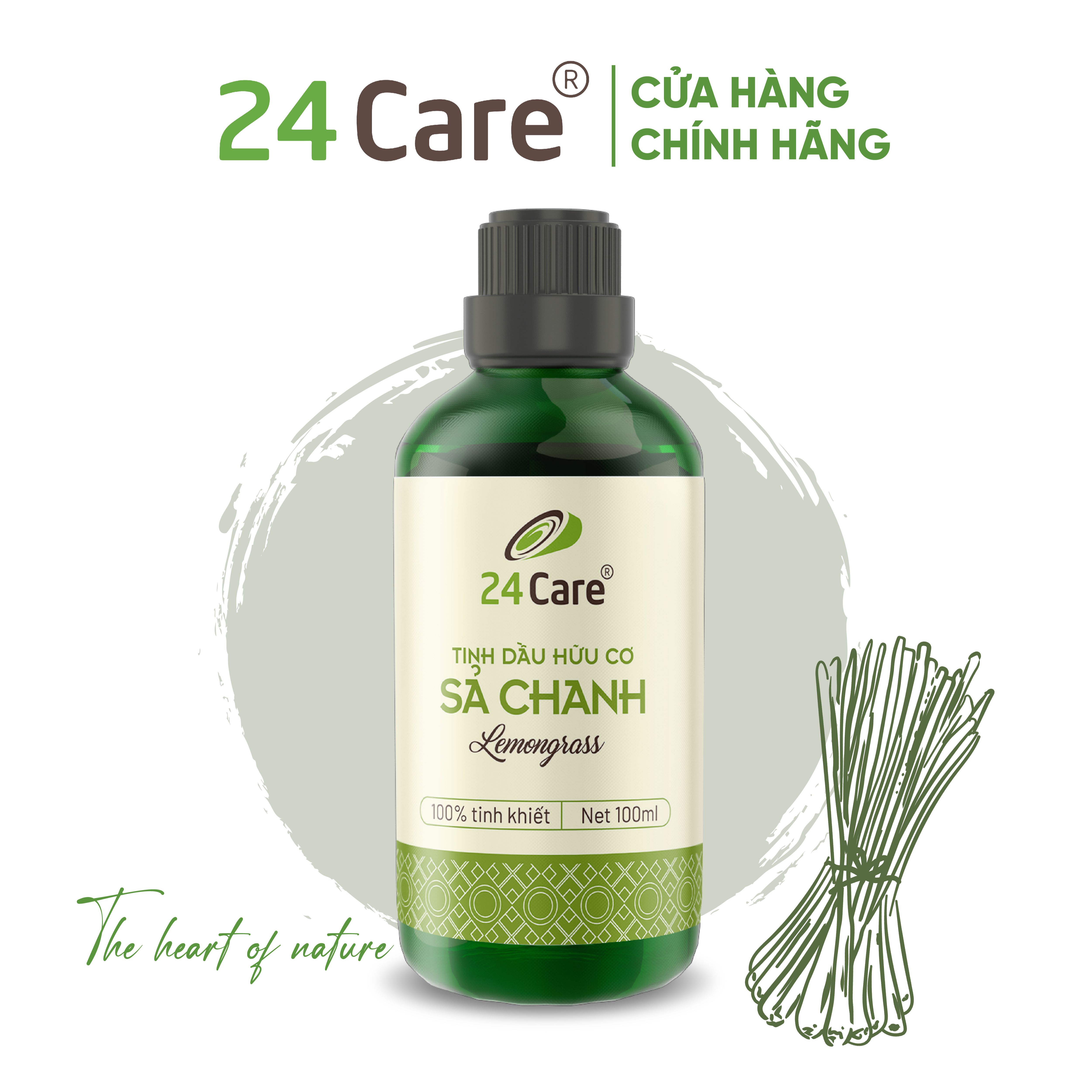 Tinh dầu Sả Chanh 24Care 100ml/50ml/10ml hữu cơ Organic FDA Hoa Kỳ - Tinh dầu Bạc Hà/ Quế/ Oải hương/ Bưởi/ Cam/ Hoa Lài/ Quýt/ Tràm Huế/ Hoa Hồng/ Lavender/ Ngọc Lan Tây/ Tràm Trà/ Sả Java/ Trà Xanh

*-*-*

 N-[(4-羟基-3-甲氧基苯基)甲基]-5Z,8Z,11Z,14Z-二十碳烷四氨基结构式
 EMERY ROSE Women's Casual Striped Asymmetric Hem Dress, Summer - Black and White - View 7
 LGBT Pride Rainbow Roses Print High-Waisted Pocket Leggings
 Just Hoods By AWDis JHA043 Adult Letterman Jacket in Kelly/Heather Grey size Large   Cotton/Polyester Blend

*-*-*

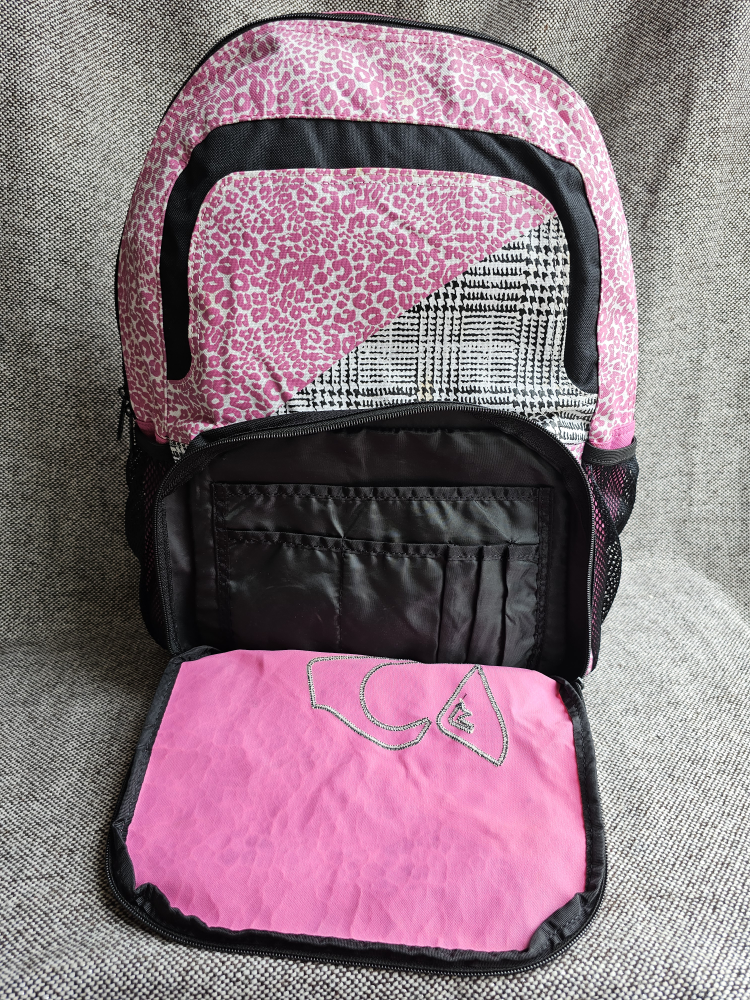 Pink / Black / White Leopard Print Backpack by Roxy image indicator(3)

*-*-*

Work order
When you reach the line holding "EMERY ROSE Women's" in the records above, begin reproducing exactly, stop after the line holding "Just Hoods By", and output nothing else.

Solution below
 EMERY ROSE Women's Casual Striped Asymmetric Hem Dress, Summer - Black and White - View 7
 LGBT Pride Rainbow Roses Print High-Waisted Pocket Leggings
 Just Hoods By AWDis JHA043 Adult Letterman Jacket in Kelly/Heather Grey size Large   Cotton/Polyester Blend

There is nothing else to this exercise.